Although we have not tested this thoroughly in the other tools, RNAcare mitigates potential server abuse, with the evaluated system incorporating an average timeout mechanism of 180 s for machine learning tasks, ensuring that resource-intensive or malicious requests are automatically terminated upon exceeding the time limit. We stress-tested RNAcare with multiple users accessing it simultaneously, without any issues, in terms of processing and waiting times. For example, integrating and analysing two datasets (PEAC and ORBIT) on our server with 62 GB of RAM and 12 threads we observed no delays for up to 20 users, demonstrating the robustness of our system.

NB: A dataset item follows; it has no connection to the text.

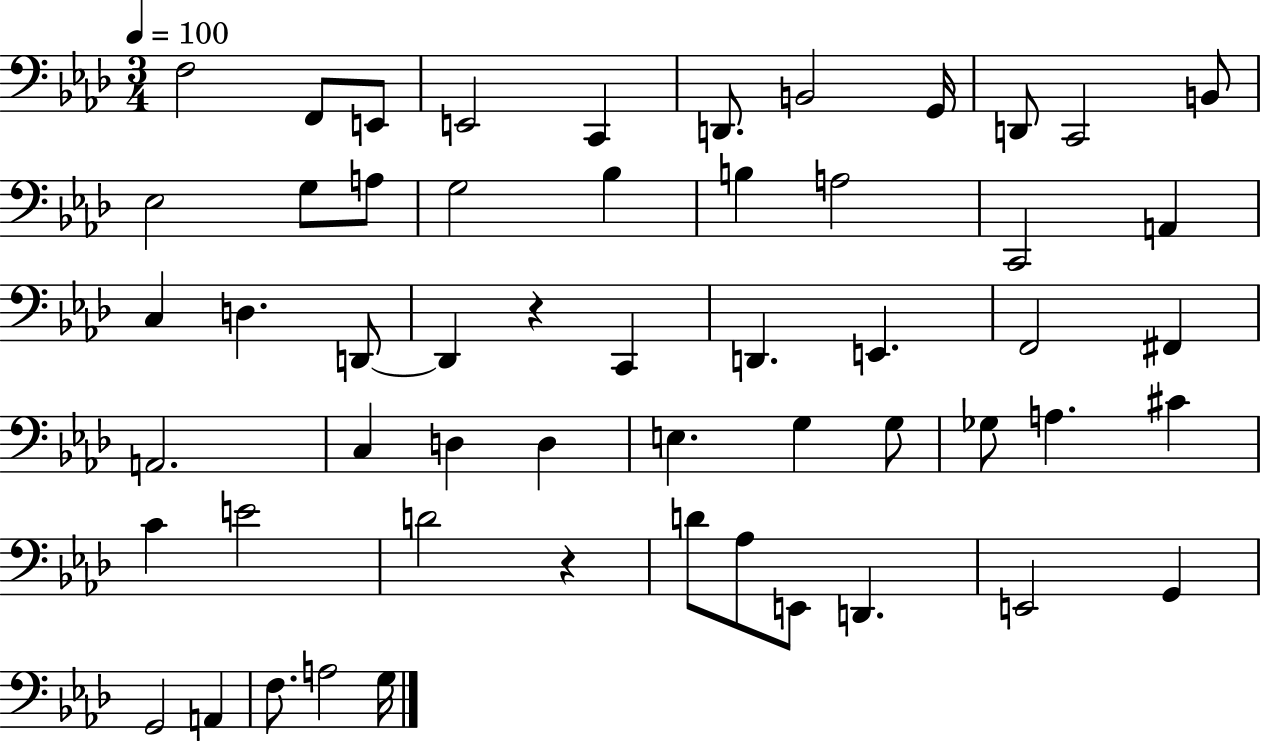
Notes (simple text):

F3/h F2/e E2/e E2/h C2/q D2/e. B2/h G2/s D2/e C2/h B2/e Eb3/h G3/e A3/e G3/h Bb3/q B3/q A3/h C2/h A2/q C3/q D3/q. D2/e D2/q R/q C2/q D2/q. E2/q. F2/h F#2/q A2/h. C3/q D3/q D3/q E3/q. G3/q G3/e Gb3/e A3/q. C#4/q C4/q E4/h D4/h R/q D4/e Ab3/e E2/e D2/q. E2/h G2/q G2/h A2/q F3/e. A3/h G3/s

We next proceeded to test cases using RNAcare to associate clinical parameters of interest with combined transcriptional data in the uploaded RA cohorts.
Case study 1: evaluation of the peripheral RNA signatures associated with pain in RA
Pain is an important clinical symptom in RA, which often persists, even when inflammation appears improved with immunomodulatory therapies, suggesting that pain in RA involves more than just inflammation. In this case study, we used two existing RA datasets (ORBIT and PEAC, baseline samples) which are pre-loaded in RNAcare, to find peripheral RNA markers associated with different levels of pain, measured using patient self-reported pain VAS [23]. The aim was to integrate the two datasets, perform different analyses to find the association of pain with different variables, and finally see if existing signatures could be detected in our datasets.
After importing the clinical and RNA-Seq data from ORBIT and PEAC into the RNAcare platform, we created a new categorical label to define two levels of pain, low and high. The pain VAS variable ranges from 0 to 5 (Supplemental Fig. 4). We set a threshold of 4 (log1p(45) ≈ 4), which divided the participants into two groups: no/low pain (low-53) and moderate/high pain (high-135). The advantage of RNAcare is that this label can now be used to perform further analysis, while all other derived labels and the original continuous pain feature were excluded from independent features in the subsequent modelling steps.
First, we integrated the data to account for batch effects. We applied the Combat algorithm which integrated the two datasets well, visible in the next tab of RNAcare with no dataset clustering on its own (Fig. 3A).
This successful integration allowed us to compare the features (gene expression and clinical data) between patients from low and high-pain RA groups. RNAcare uses Scanpy [39] in Python, which expects clinical features as genes. One difference compared to tools like DESeq2 is that Scanpy cannot regress out clinical features when doing DE analysis, and DESeq2 assumes that data follows the negative binominal distribution. During data processing, the platform runs a comparison automatically, finding the markers (downloadable from the EDA tab) as default candidates when the user wants to plot between different clusters (from the DGEA-Target Gene tab). In this case, we find that c_das (DAS score) is significant based on p adjusted value < 0.05 after the comparison. However, Fig. 3B still shows the top 12 biomarkers ordered by significance.
To take better advantage of the clinical data, we performed a Lasso regression to identify genes and clinical data associated with the different pain levels. This approach with the parameter class_weight=’balanced’ gives more weight to the patient group with a small number of participants while selecting only the most relevant and predictive features, ignoring irrelevant ones. The coefficient magnitude of every marker after Lasso regression with cross-validation for the high-pain group is plotted in Fig. 3C.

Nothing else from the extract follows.